Hello, Would it be possible for
you to explain exactly any rituals surrounding a miscarriage that
took place after six weeks of pregnancy?

(answer from Rabbi Sperling)
Shalom,
I was sorry to hear about your
recent miscarriage. May you be blessed with fruitful offspring
and easy labors in the future. The Torah did not institute any
acts of mourning or memorial in the case of a miscarriage. Perhaps
this is meant to focus our attention on the continual task of
love that confronts us in bringing children into the world rather
than becoming paralysed by the past. There is a midrash that relates
that before G-d created our world, he "created worlds and
destroyed them until He saw the world and said it was "very
good." The process of creation sometimes involves "creating
and destroying," which, with all the pain it entails, ultimately
leads to a "Tov Meod"- something "very good."

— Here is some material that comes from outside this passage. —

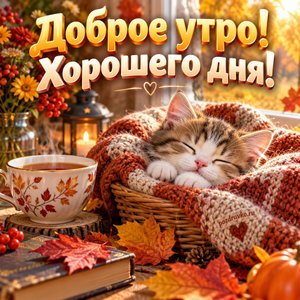 Открытка «Доброе утро! Хорошего дня!» с котёнком в корзинке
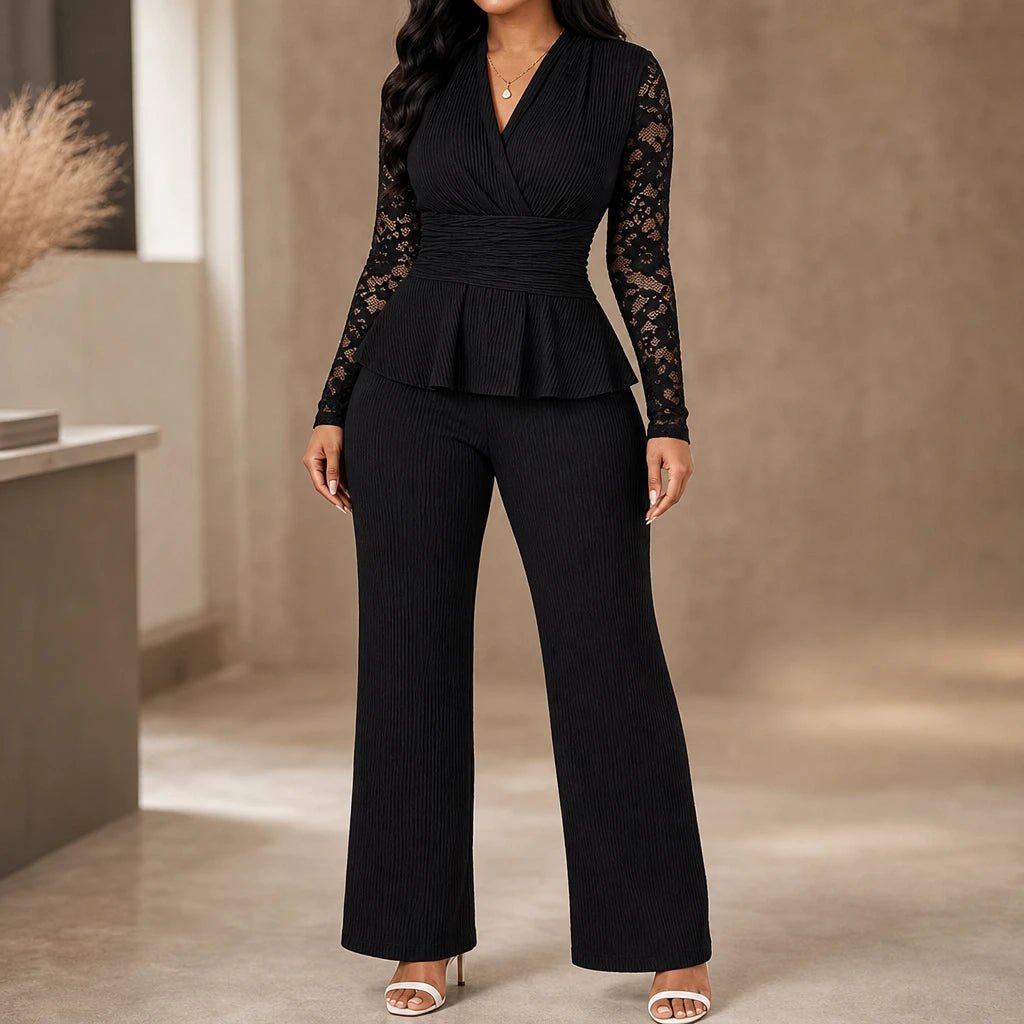 Women's Pleated Peplum Floral-Lace Pantsuit - Wide-Leg Formal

You ask what are the rituals surrounding
this tragic event. Firstly, there are the laws of family purity,
involving the cessation of marital relations (and other physical
closeness) until all bleeding has stopped after (counting at least
five days of bleeding), and then another seven "clean"
(free of bleeding) days, after which one immerses in a ritual
bath (if the fetus was female, and more than forty days old after
the conception, one must wait at least fifteen days after the
miscarriage before going to the ritual bath). Apart from the religious
obligation involved here, there is also the psychological benefit
of letting emotions and the body have a "time out" before
restarting the task of creation of a new life.
A person often feels pain and
loss at such a time, and this probably would be well channeled
into saying Psalms, and personal prayer to G-d.